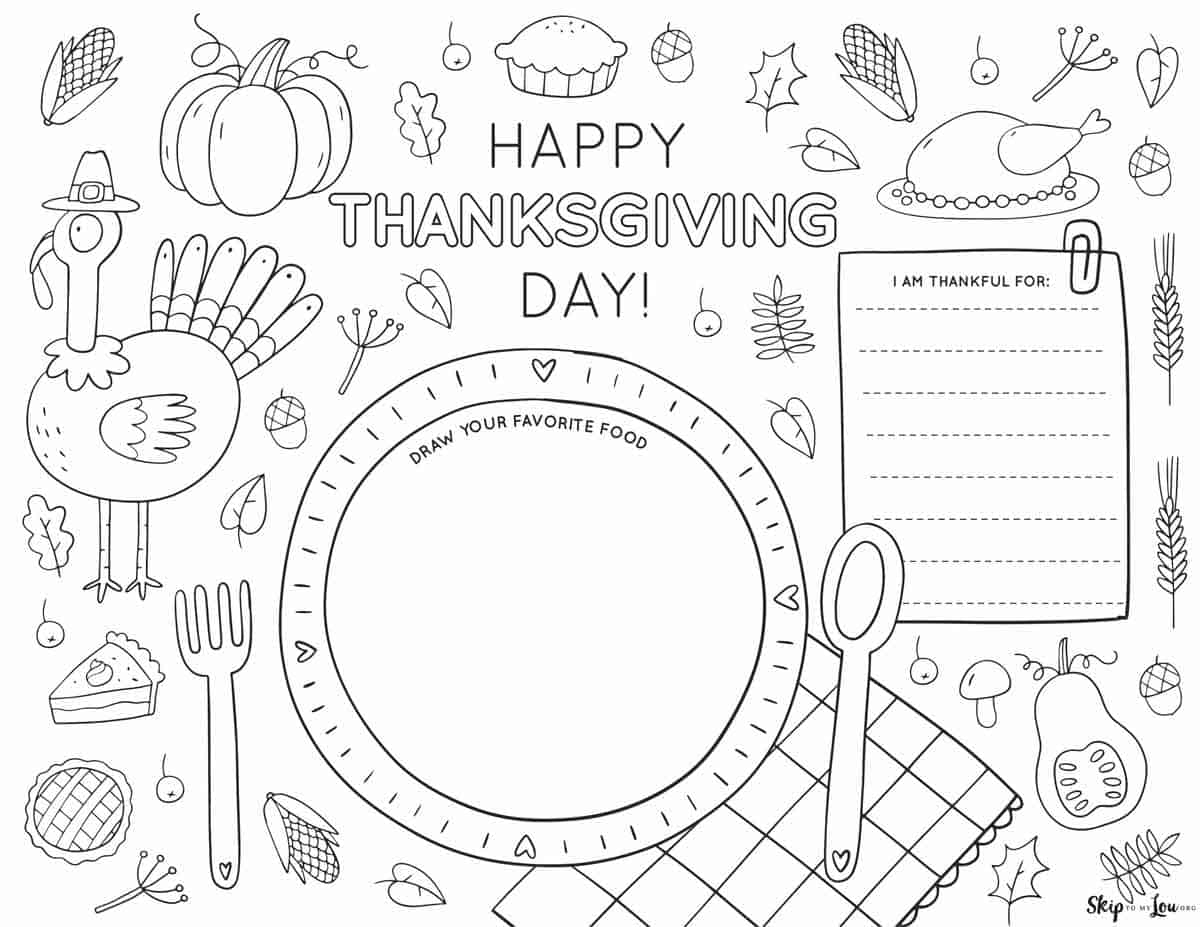 free printable thanksgiving activity sheets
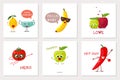 Vector set of cute postcards fruit and vegetables cartoon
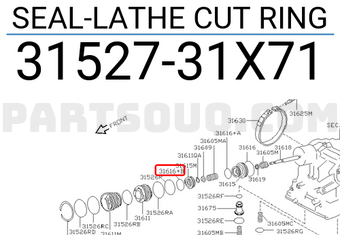 Nissan 3152731X71 SEAL-LATHE CUT RING
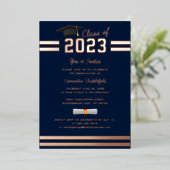 Afstuderen 2024 Navy Blue Party Roos Gold Folie Uitnodiging (Staand Voorkant)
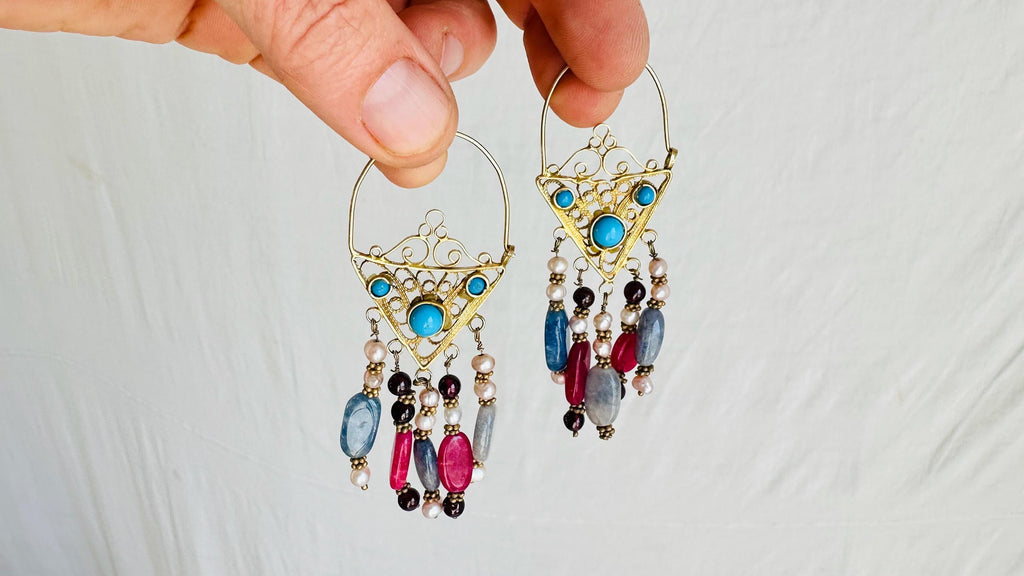 Vintage Uzbek Filigree Earrings. Vermeil. Bukhari. Pearls & Semi-Precious Stones. 0224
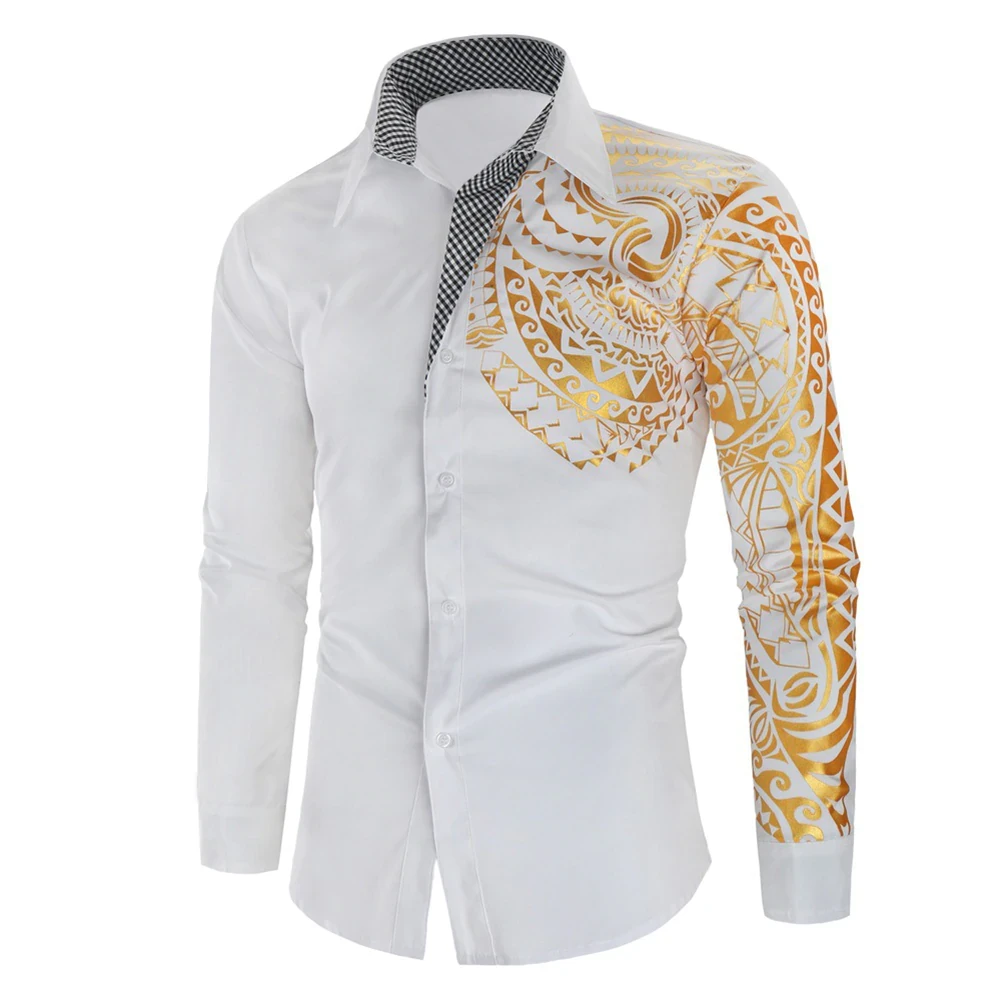 Long-sleeved Camisa Masculina Chemise Men Public Club Fancy Shirt
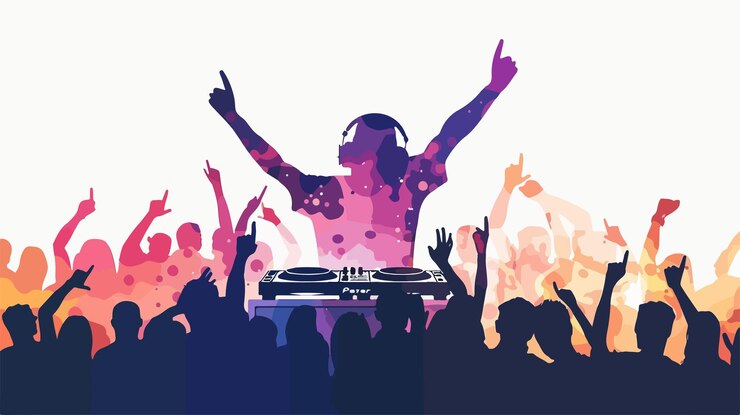 Vecteur un dj énergique silhouetté avec une foule dansante dans l'isolement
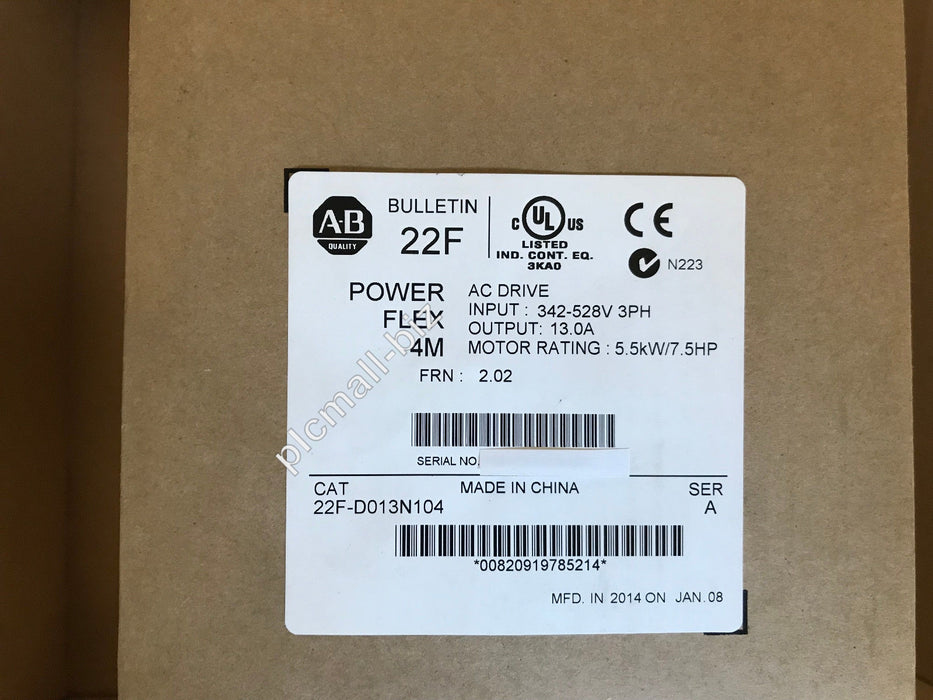 22F-D013N104 Allen Bradley PowerFlex 4M- 5.5 kW (7.5 HP) AC Drive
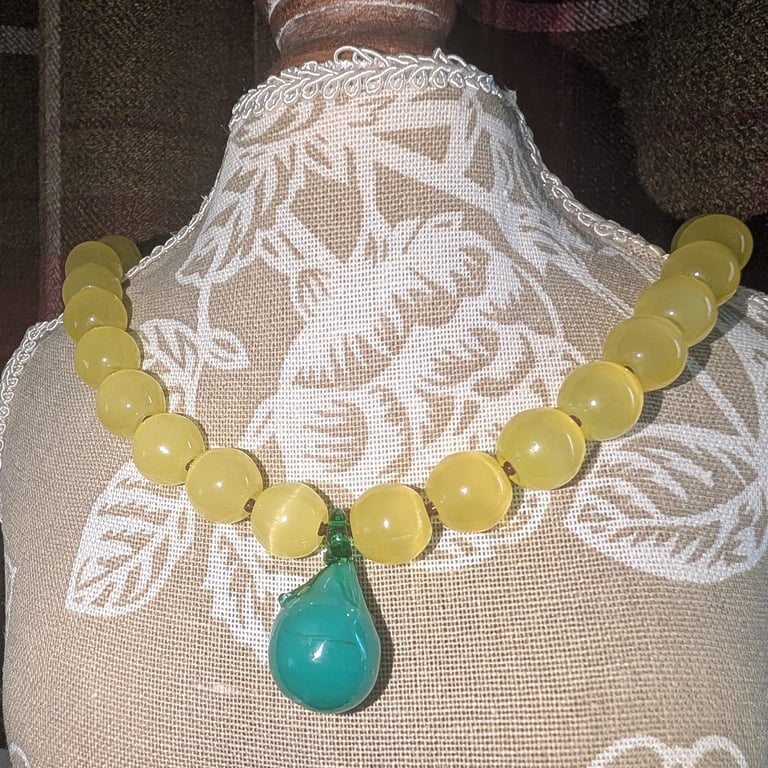 "Yellow Pear" Necklace 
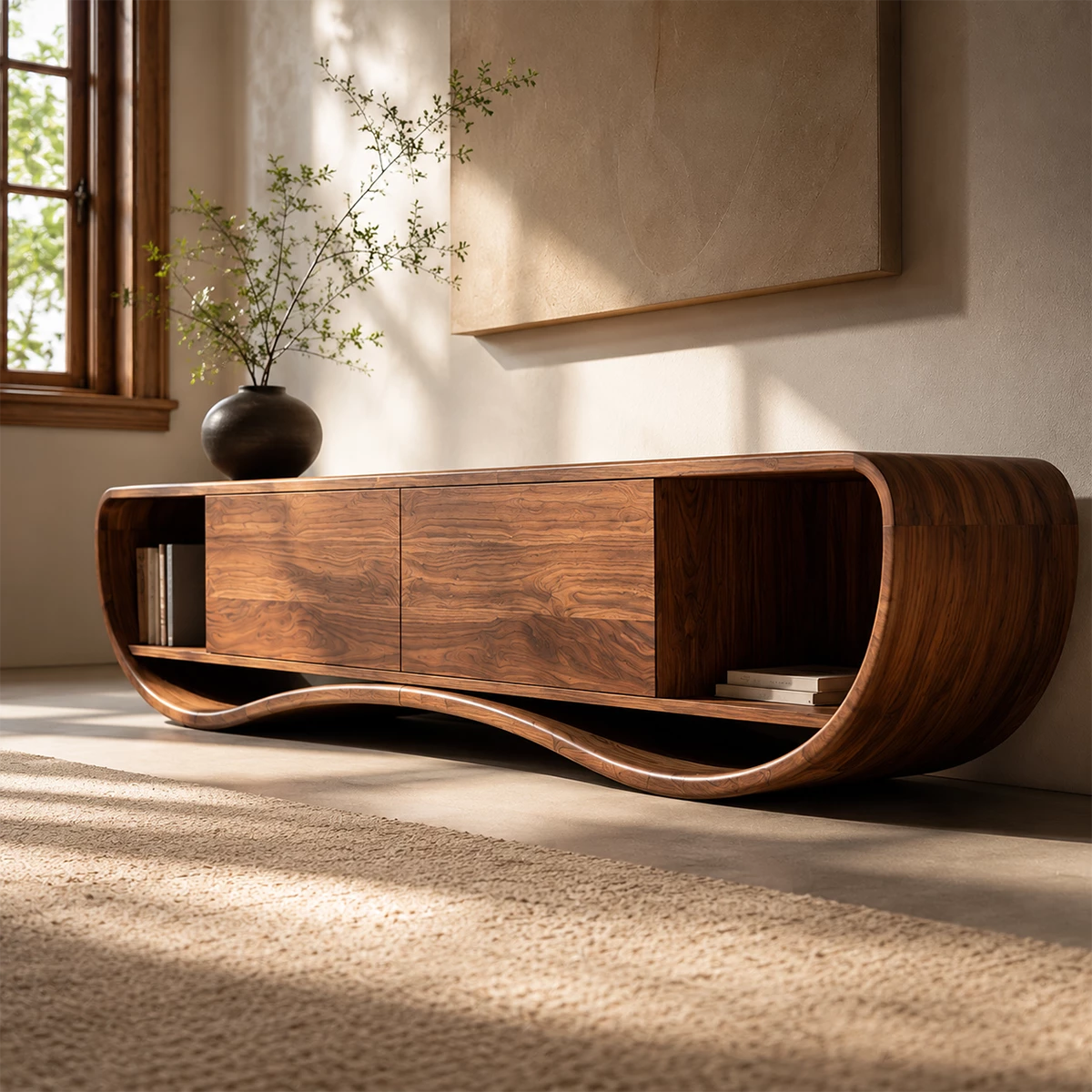Natural Solid Wood TV Stand Curved Loop Modern Style - Livewoodcraft - 3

## What is being asked
Here the job is to print the data above exactly, except for any pictures.

## Result below
 free printable thanksgiving activity sheets
 Vector set of cute postcards fruit and vegetables cartoon
 Nissan 3152731X71 SEAL-LATHE CUT RING
 Afstuderen 2024 Navy Blue Party Roos Gold Folie Uitnodiging (Staand Voorkant)
 Vintage Uzbek Filigree Earrings. Vermeil. Bukhari. Pearls & Semi-Precious Stones. 0224
 Long-sleeved Camisa Masculina Chemise Men Public Club Fancy Shirt
 Vecteur un dj énergique silhouetté avec une foule dansante dans l'isolement
 22F-D013N104 Allen Bradley PowerFlex 4M- 5.5 kW (7.5 HP) AC Drive
 "Yellow Pear" Necklace 
Natural Solid Wood TV Stand Curved Loop Modern Style - Livewoodcraft - 3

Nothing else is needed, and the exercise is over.